Monoculture: yet another way meat hurts the ecology
The majority of vegetation crops grown in the United States are used to feed animals not people. To grow sufficient crops as efficiently as possible, many farmers resort to monoculture.
Monoculture is the agricultural practice of growing a single plant species across a vast land area. Instead of growing a variety of crops, as farmers have done throughout most of human history, they instead choose to farm land in such a way that it produces only a single type of crop. Monoculture farming has become more common over the last few decades, and while it can improve yields, sometimes with the help of genetically modified organisms, artificial fertilizers, pesticides and herbicides, it is causing great harm to the local ecology and environment, as well as the world as a whole. Because monoculture involves the farming of a single species, it can drastically reduce the biodiversity necessary for a healthy ecology.
Healthy ecologies may be home to many species of plants and animals. These diverse collections of species help to protect the habitat, as each of the species fills a different niche and provides different environmental services. Deer and other herbivores help keep plant populations in check, while mountain lions and other predators prey on these herbivores and keep their populations in check. Bacteria and fungi, for their part, help to break down the dead plants and animals, thereby releasing the nutrients they contain back into the soil.

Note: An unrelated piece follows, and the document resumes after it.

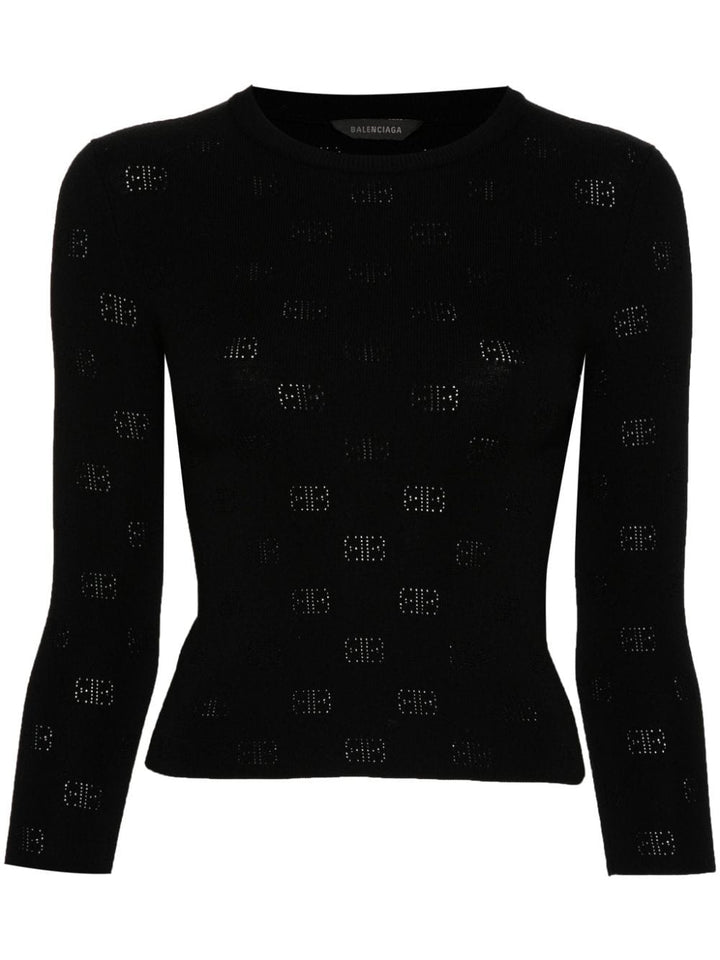 Balenciaga Wool-Blend BB logo top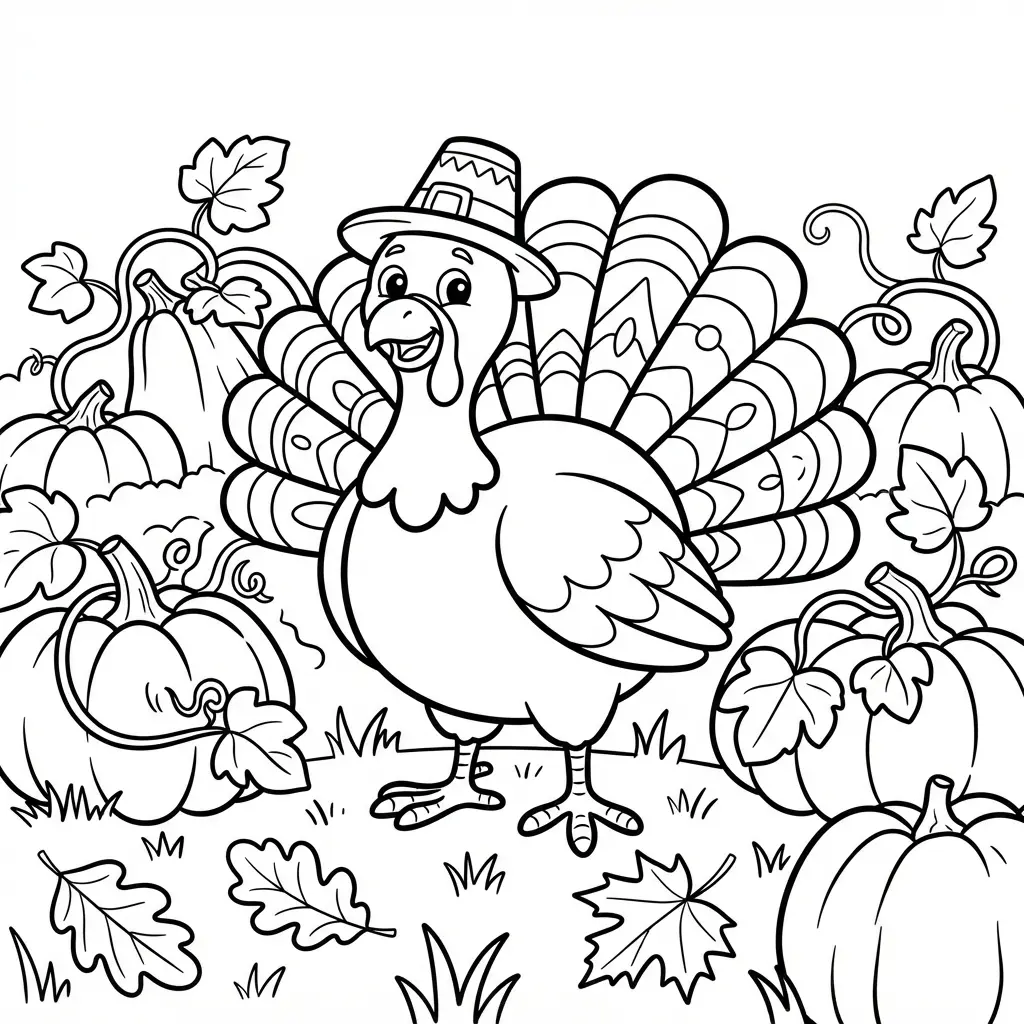 Turkey beside a pumpkin patch in a coloring page, with vines, pumpkins, grass, and simple fall details.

But monoculture farms lack this type of diversity. Because they are aiming to raise only a single species, these areas don’t support a diverse collection of animals or other plants. This throws the ecosystem out of balance and makes it susceptible to serious problems including plant diseases. While some farmers practice crop rotation year to year, this only replaces one monoculture with another, so doesn’t allow for a wide diversity of species.
Another risk of monoculture farms is that if an insect pest likes the crop, that insect has a large food supply to draw from all in one place, leading to that insect multiplying rapidly. Conversely, a field containing a variety of plants doesn’t provide such a large block of food for the insect, so it is less likely to find the nutrients it needs to survive and thrive. Left to its own defenses, a farm field growing a variety of plants tends to attract fewer insect pests than a field growing just one type of crop. The result of this is that monocultures require the use of more pesticides, further reducing the biodiversity.
If we stopped eating meat, we wouldn’t have to resort to raising monoculture crops so often, and our food system could be more in harmony with nature, allowing many more species to flourish.